Cardinal Walter Brandmüller, one of the two living cardinals to have signed the dubia addressed to Pope Francis, has spoken out against the “heresy” of believing in divorce and remarriage.
In a lengthy interview with Frankfurter Allgemeine, Cardinal Brandmüller, former president of the Pontifical Committee for Historical Sciences, said that the Council of Trent had proclaimed the indissolubility of marriage as a dogma. This means, the cardinal said, that entering a new union after a civil divorce, or continuing a sexual relationship in this new union, is a grave sin.
This has consequences for the Eucharist, the cardinal said: “Whoever is aware of having committed a grave sin can only receive Communion if he has been to Confession, has confessed and has been absolved.”
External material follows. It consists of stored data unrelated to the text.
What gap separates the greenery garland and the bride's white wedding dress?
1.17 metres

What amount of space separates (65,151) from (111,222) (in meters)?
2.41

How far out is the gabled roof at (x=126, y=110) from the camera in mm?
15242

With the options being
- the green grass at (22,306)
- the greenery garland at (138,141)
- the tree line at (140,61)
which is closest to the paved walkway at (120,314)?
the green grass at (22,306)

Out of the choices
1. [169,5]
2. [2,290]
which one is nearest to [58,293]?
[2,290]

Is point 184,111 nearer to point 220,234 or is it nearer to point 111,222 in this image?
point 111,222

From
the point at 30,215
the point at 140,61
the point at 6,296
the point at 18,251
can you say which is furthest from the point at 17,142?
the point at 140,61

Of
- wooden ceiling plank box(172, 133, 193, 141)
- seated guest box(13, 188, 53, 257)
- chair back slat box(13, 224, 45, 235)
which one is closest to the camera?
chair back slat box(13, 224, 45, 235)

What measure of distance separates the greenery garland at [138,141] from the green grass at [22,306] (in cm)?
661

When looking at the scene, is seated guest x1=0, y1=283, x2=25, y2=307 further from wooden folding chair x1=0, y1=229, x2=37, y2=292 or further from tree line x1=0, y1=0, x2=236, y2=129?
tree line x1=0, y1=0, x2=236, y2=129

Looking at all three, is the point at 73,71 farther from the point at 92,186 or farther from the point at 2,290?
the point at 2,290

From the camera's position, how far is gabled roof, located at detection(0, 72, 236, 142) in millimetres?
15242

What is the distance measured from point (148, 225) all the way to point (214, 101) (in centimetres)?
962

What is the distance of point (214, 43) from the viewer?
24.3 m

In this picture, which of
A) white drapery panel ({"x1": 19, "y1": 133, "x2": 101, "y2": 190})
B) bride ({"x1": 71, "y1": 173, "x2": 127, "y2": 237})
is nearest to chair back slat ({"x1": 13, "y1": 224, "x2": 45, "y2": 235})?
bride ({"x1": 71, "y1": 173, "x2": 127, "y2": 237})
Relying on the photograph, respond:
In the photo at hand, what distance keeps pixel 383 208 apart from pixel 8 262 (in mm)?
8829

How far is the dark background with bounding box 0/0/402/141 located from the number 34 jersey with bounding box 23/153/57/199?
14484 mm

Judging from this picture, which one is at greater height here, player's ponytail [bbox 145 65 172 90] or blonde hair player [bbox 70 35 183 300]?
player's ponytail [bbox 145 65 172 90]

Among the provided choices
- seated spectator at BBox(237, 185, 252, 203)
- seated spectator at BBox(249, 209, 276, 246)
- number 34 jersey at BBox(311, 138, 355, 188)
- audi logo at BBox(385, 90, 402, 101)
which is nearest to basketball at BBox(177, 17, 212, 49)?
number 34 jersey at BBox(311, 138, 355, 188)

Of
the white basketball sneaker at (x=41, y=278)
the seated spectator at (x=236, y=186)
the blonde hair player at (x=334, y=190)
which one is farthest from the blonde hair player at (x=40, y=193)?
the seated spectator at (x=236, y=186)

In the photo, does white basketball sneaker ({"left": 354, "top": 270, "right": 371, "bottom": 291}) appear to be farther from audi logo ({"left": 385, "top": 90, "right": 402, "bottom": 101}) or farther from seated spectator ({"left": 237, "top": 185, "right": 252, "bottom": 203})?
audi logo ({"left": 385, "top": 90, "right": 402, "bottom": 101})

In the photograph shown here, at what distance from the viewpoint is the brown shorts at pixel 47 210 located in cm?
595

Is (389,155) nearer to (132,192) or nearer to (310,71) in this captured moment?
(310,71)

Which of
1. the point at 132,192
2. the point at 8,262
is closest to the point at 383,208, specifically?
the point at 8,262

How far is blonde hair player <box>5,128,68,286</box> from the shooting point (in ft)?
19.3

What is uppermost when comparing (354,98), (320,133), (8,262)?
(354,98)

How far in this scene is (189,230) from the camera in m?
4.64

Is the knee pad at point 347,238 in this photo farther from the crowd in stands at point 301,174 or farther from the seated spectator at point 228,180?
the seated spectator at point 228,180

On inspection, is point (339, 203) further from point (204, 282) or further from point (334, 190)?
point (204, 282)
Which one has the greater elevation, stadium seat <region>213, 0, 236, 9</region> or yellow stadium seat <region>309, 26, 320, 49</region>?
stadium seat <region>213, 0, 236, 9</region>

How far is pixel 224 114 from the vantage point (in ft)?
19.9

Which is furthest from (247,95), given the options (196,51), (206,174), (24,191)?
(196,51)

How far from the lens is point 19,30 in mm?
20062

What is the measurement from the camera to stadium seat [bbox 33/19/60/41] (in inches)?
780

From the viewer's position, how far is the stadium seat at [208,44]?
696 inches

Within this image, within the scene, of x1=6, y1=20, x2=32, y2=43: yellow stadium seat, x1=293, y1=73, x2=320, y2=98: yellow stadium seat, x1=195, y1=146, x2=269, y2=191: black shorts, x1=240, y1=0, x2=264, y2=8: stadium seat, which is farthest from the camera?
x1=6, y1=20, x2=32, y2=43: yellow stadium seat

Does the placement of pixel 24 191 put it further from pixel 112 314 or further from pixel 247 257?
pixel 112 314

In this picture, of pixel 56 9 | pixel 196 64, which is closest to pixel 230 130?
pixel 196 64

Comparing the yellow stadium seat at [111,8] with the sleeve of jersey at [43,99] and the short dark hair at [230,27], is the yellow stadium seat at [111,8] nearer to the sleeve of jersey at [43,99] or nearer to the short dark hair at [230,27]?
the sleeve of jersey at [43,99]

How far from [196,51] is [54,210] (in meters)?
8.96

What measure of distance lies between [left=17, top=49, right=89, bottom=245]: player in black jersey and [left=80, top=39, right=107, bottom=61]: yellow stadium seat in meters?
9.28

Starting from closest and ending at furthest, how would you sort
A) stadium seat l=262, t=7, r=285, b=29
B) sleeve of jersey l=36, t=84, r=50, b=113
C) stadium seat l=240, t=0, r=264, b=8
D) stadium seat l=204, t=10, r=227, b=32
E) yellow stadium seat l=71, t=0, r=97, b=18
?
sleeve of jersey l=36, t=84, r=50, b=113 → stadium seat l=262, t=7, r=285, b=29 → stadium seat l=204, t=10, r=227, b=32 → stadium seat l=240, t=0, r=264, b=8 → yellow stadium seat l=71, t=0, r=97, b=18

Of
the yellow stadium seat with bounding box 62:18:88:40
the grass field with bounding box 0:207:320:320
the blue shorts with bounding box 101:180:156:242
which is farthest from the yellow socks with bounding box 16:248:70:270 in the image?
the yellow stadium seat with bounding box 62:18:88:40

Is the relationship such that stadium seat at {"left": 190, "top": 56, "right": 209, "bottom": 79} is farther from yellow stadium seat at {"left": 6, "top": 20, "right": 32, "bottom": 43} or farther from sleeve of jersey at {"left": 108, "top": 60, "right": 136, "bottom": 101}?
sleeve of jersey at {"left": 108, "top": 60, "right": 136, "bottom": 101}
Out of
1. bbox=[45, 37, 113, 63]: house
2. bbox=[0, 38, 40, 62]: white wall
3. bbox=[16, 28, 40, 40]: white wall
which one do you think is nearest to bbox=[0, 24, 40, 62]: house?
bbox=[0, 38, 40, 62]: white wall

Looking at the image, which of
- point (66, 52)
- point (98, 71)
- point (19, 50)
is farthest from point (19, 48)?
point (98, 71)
This teaching has been reaffirmed in recent decades by Pope St John Paul II, Benedict XVI and the Congregation for the Doctrine of the Faith. However, in the aftermath of Pope Francis’s exhortation Amoris Laetitia, some bishops have said that the divorced and civilly remarried can receive Communion, on the basis of the document’s ambiguous footnote 351.
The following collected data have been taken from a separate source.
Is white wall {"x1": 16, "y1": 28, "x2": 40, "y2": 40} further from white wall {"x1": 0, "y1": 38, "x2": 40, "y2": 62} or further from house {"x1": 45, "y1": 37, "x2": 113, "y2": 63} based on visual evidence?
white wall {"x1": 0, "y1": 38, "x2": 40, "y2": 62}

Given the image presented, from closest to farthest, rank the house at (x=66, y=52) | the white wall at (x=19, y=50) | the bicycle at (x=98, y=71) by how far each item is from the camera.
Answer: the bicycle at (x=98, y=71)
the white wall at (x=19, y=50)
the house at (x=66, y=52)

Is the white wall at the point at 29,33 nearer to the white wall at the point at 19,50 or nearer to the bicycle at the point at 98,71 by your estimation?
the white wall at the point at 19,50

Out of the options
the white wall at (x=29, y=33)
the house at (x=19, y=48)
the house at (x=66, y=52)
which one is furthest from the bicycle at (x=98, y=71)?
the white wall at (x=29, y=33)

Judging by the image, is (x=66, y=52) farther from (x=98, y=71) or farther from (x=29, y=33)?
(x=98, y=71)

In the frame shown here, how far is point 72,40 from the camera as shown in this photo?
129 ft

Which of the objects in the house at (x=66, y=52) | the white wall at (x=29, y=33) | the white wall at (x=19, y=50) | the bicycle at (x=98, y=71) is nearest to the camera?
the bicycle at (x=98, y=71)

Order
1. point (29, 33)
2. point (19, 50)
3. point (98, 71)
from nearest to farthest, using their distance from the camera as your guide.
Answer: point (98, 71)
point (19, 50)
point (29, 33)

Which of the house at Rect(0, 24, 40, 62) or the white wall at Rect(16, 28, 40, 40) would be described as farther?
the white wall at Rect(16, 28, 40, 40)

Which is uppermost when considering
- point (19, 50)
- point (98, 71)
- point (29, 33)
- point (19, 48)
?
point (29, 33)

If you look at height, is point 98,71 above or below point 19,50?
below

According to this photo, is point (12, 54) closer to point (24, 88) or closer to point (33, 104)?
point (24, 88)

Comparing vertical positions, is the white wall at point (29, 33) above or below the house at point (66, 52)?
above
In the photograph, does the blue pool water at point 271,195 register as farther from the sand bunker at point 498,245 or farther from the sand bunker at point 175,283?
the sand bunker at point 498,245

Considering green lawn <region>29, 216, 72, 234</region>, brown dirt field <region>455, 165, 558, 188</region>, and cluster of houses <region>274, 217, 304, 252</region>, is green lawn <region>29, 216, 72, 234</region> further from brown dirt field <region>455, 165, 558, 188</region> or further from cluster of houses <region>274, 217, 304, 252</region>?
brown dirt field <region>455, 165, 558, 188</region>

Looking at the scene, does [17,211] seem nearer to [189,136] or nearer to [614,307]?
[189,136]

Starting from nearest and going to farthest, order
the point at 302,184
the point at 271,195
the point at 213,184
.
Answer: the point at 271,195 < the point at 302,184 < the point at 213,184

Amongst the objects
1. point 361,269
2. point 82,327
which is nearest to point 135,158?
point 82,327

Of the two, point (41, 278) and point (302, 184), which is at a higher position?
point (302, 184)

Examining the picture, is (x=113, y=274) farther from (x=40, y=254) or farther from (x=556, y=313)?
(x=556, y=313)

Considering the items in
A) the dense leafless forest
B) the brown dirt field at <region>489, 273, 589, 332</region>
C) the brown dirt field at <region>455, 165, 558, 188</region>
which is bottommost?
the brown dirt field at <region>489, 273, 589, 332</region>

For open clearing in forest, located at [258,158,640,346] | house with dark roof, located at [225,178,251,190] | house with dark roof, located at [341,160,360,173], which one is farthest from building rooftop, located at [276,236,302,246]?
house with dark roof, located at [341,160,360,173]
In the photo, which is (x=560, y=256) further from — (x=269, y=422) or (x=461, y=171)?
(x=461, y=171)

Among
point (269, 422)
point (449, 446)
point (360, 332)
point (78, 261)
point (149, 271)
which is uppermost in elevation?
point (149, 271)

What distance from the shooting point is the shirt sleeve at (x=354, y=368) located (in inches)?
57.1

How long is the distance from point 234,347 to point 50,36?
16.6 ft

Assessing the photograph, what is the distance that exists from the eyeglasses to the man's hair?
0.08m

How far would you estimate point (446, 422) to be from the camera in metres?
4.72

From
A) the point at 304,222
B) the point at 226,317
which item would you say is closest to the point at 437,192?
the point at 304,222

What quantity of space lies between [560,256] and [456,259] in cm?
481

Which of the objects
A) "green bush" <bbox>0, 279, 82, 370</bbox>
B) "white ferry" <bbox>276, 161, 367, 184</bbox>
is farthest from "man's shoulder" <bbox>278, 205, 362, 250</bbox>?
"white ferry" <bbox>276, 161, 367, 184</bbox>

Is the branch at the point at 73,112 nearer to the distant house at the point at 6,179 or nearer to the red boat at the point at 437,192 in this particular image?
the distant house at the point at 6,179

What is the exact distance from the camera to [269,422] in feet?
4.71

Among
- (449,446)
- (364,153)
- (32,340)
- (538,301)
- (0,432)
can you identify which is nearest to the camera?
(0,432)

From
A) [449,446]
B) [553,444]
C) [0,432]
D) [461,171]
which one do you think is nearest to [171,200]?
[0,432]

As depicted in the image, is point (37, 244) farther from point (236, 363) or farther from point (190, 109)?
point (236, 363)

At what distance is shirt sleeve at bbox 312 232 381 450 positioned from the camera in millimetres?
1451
Cardinal Brandmüller said: “I am now being told that the entire moral-theological tradition of the Church can be overruled by a footnote. Here I look to the authority of the Church Fathers.”
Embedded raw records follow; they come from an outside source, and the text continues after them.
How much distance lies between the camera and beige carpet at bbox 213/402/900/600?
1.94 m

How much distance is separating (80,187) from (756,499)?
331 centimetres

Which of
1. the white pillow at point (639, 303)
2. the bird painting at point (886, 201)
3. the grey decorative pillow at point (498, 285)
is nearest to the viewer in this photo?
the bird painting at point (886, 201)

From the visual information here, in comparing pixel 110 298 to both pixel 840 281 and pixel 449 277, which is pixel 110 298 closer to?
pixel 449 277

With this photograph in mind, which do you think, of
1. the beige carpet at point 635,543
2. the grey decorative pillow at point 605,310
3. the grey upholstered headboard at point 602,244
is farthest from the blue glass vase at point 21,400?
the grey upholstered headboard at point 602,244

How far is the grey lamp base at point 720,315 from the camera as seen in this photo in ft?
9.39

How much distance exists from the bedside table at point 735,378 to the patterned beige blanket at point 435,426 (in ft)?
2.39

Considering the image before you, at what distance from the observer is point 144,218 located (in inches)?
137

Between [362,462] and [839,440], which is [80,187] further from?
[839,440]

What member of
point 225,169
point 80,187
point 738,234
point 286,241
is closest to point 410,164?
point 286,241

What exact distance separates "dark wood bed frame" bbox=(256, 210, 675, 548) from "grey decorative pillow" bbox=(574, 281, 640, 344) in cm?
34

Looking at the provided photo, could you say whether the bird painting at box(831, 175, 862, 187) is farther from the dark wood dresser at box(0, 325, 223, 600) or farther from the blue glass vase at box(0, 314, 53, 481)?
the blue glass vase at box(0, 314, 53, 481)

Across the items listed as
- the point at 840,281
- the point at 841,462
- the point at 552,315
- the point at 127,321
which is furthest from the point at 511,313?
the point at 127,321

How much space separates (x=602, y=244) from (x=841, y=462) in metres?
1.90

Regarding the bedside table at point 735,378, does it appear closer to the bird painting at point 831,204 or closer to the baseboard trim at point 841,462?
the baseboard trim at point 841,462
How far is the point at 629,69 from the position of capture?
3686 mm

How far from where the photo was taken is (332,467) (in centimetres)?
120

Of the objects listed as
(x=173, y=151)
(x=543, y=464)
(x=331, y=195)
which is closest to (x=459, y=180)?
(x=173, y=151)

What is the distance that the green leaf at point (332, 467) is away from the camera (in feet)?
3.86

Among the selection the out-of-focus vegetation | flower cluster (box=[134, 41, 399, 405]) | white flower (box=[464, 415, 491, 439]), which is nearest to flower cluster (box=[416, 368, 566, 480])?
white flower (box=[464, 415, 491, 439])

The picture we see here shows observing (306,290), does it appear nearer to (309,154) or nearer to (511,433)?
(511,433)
To clarify these and other confusions, five dubia – questions – were submitted to the Pope last year by Cardinals Joachim Meisner, Carlo Caffarra (both of whom have since died), and Raymond Burke as well as Cardinal Brandmüller.
In the new interview, the cardinal defended their decision to publish the dubia, after a month in which the Pope neither replied nor acknowledged receipt of their questions. He said they decided to go public because of the concern of many Catholics about the present situation. “We cardinals do not live outside the world,” Cardinal Brandmüller said. “We have many connections. Do you know how many phone calls, letters, questions we get?
“People ask us, among other things: Why aren’t you cardinals doing anything? After all, we have sworn an official oath and are the Pope’s advisers. We asked for an audience and received no answer.”
The cardinal also referred to the 2015 petition in support of the Church’s teaching on marriage and the Eucharist, which received nearly 800,000 signatures. “As it happens, there are still people who can think,” he said. “I am very worried that something will explode. People are not stupid.”
The proposal for Communion for the remarried was originally put forward, at the Pope’s request, by Cardinal Walter Kasper, who claimed that the practice could be found in the early Church – a claim which was heavily criticised by scholars including John Rist.
When the interviewers mentioned Cardinal Kasper’s proposal, Cardinal Brandmüller said it was based on a “single author, whose work was not only slapdash, but also ideological…the whole thing is dishonest history, which is the manipulation of sources. As a historian, I am especially allergic to this. One should never do that.”